Speaker:  Anastassia Ailamaki
Affiliation:  University of Wisconsin
Date:  3/28/00
Time & Location:  4:15 PM, B17 Upson Hall
Host:  Johannes Gehrke
TITLE: Architecture-Conscious Database Systems

Modern high-performance processors employ sophisticated techniques to overlap and simultaneously execute multiple computation and memory operations. Intuitively, these techniques should help database applications, which are becoming increasingly compute and memory bound. Unfortunately, recent research indicates that, unlike scientific workloads, database systems' performance has not improved commensurately with increases in processor speeds. As the gap between memory and processor speed widens, research on database systems has focused on minimizing memory latencies for isolated algorithms.

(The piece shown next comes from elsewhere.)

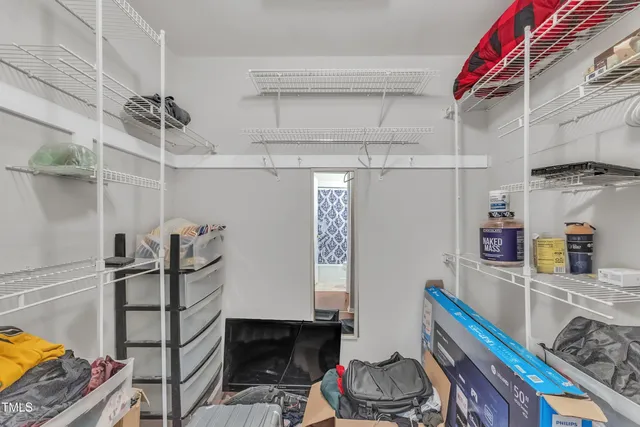 a view of closet area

However, in order to design high-performance database systems it is important to carefully evaluate and understand the interaction between the database software and the underlying hardware.

The first part of this talk introduces a framework for analyzing query execution time on a database system running on a server with a modern processor and memory architecture. Experiments with a variety of benchmarks show that database developers should (a) optimize data placement for the second level of data cache, (b) optimize instruction placement to reduce first-level instruction cache stalls, but (c) not expect the overall execution time to decrease significantly without addressing stalls related to subtle implementation issues (e.g., branch prediction).

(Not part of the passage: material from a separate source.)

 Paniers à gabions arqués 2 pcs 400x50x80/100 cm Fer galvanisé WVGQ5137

The second part of the talk focuses on optimizing data placement for access to the second-level cache. Most commercial DBMSs store records contiguously on disk pages, using the slotted-page approach (NSM). During single attribute scan, NSM exhibits poor spatial locality and has a negative impact on cache performance. The decomposition storage model (DSM) has better spatial locality, but incurs a high record reconstruction cost. We introduce Partition Attributes Across (PAX), a new layout for data records that is applied orthogonally to NSM pages and offers optimized cache utilization with no extra space or time penalty.